▶ PROVIDED MATERIAL:
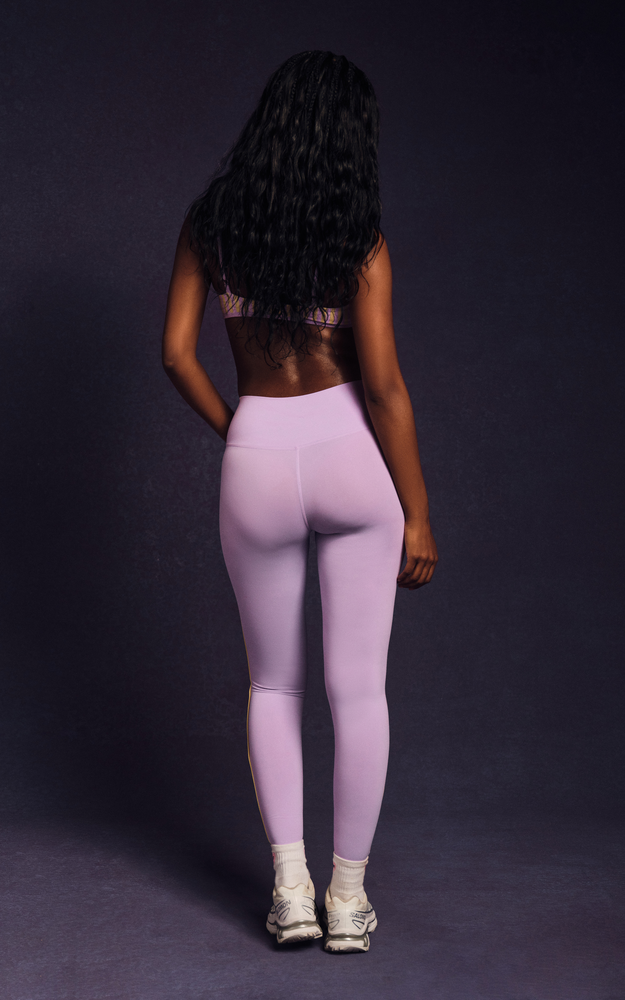 Luxform Lux Pipe Leggings - Buttercream - Image 3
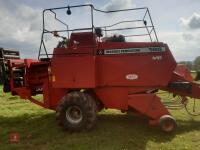 1996 MASSEY FERGUSON 185 MB BALER - 8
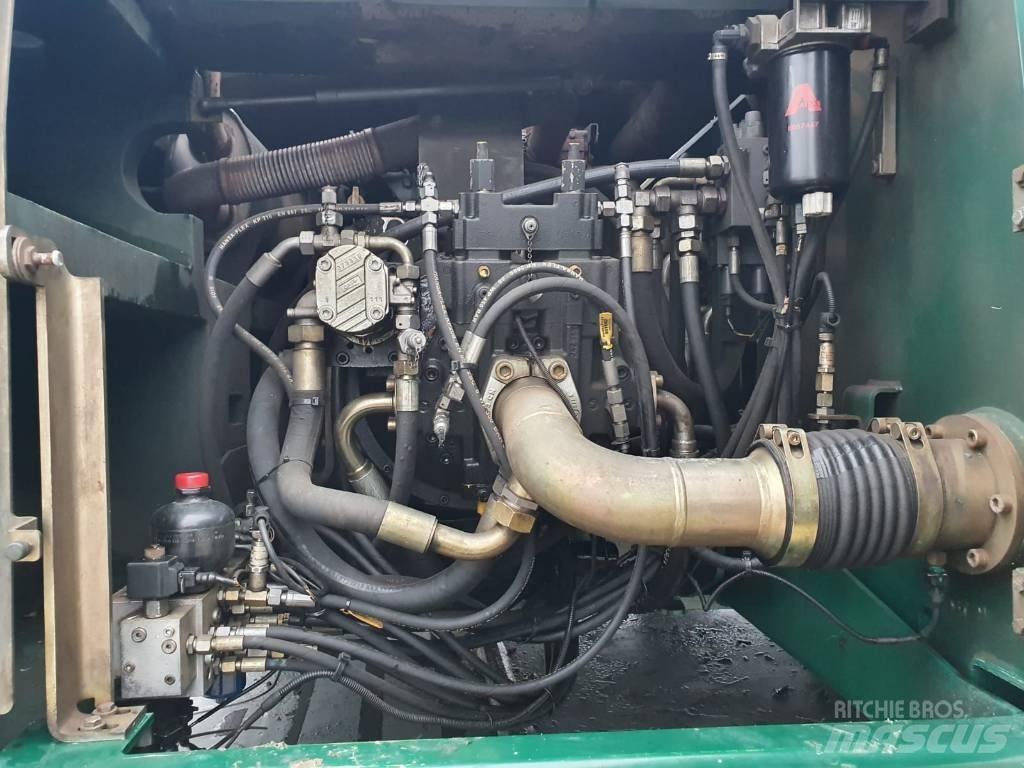 Atlas TM 270 Materialehåndteringsmaskiner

▶ PROBLEM:
Your job is to repeat the data exactly, leaving each picture out.

▶ FINISHED EXERCISE:
 Luxform Lux Pipe Leggings - Buttercream - Image 3
 1996 MASSEY FERGUSON 185 MB BALER - 8
 Atlas TM 270 Materialehåndteringsmaskiner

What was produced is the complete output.